# Part 1 - Cross-Section Data

## Importing the libraries

In [1]:
import pandas as pd
import numpy as np
import matplotlib.pyplot as plt


## Load data

In [4]:
df = pd.read_csv('../data/HPRICE2.raw', sep='\s+', header=None)


### Show first 5 rows of the dataframe

In [5]:
df.head()

Unnamed: 0,0,1,2,3,4,5,6,7,8,9,10,11
0,24000,0.006,5.38,6.57,4.09,1,29.6,15.3,4.98,10.08581,1.682688,5.69036
1,21599,0.027,4.69,6.42,4.97,2,24.2,17.8,9.14,9.980402,1.545433,5.488938
2,34700,0.027,4.69,7.18,4.97,2,24.2,17.8,4.03,10.4545,1.545433,5.488938
3,33400,0.032,4.58,7.0,6.06,3,22.2,18.7,2.94,10.41631,1.521699,5.402678
4,36199,0.069,4.58,7.15,6.06,3,22.2,18.7,5.33,10.49679,1.521699,5.402678


### Assign Column Names

In [8]:
# Assign column names, fetched from the DES file 
column_names = [
    "price",      # median housing price, $
    "crime",      # crimes committed per capita
    "nox",        # nitrous oxide, parts per 100 mill.
    "rooms",      # avg number of rooms per house
    "dist",       # weighted dist. to 5 employ centers
    "radial",     # accessibility index to radial hghwys
    "proptax",    # property tax per $1000
    "stratio",    # average student-teacher ratio
    "lowstat",    # % of people 'lower status'
    "lprice",     # log(price)
    "lnox",       # log(nox)
    "lproptax"    # log(proptax)
]

# Assign these column names to the DataFrame
df.columns = column_names

### Show first 5 rows of the dataframe

In [9]:
df.head()

Unnamed: 0,price,crime,nox,rooms,dist,radial,proptax,stratio,lowstat,lprice,lnox,lproptax
0,24000,0.006,5.38,6.57,4.09,1,29.6,15.3,4.98,10.08581,1.682688,5.69036
1,21599,0.027,4.69,6.42,4.97,2,24.2,17.8,9.14,9.980402,1.545433,5.488938
2,34700,0.027,4.69,7.18,4.97,2,24.2,17.8,4.03,10.4545,1.545433,5.488938
3,33400,0.032,4.58,7.0,6.06,3,22.2,18.7,2.94,10.41631,1.521699,5.402678
4,36199,0.069,4.58,7.15,6.06,3,22.2,18.7,5.33,10.49679,1.521699,5.402678


## Questions

1. State the fundamental hypothesis under which the Ordinary Least Squares (OLS) estimators are unbiased.



2. Show that under this assumption the OLS estimators are indeed unbiased.



3. Explain the sample selection bias with an example from the course.



4. Explain the omitted variable bias with an example from the course.


5. Explain the problem of multicollinearity.
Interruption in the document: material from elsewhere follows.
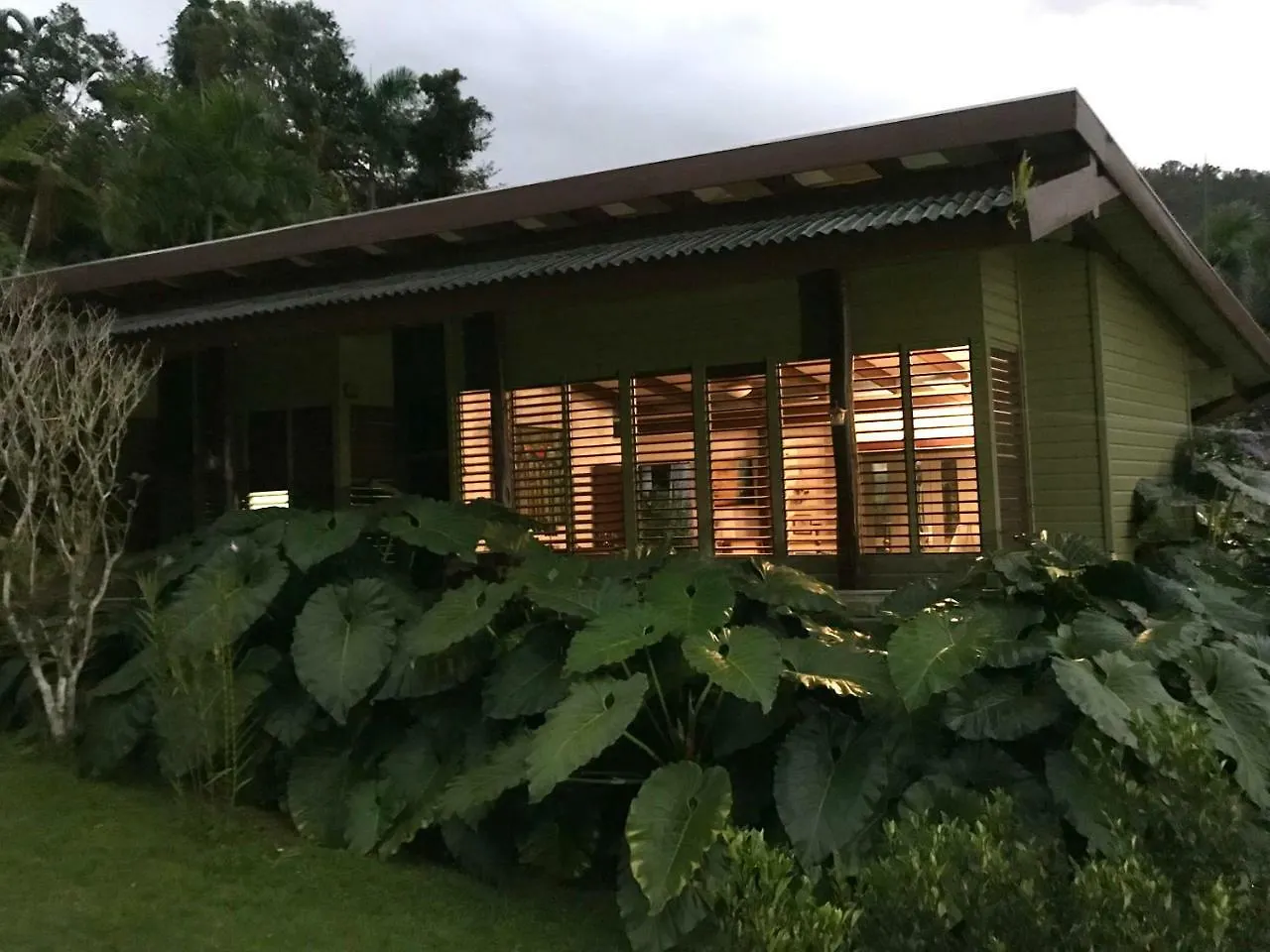 מלון ריו גראנדה Casa Tugwell, A Mystic Chalet Inside El Yunque Rainforest בית נופש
Is it a problem in this dataset?


6. Create three categories of `nox` levels (low, medium, high), corresponding to the following percentiles: 0-25%, 26%-74%, 75%-100%.



7. Compute for each category of `nox` level the average median price and comment on your results.



8. Produce a scatter plot with the variable `price` on the y-axis and the variable `nox` on the x-axis. Is this a ceteris paribus effect?



9. Run a regression of `price` on a constant, `crime`, `nox`, `rooms`, and `proptax`. Comment on the histogram of the residuals. Interpret all coefficients.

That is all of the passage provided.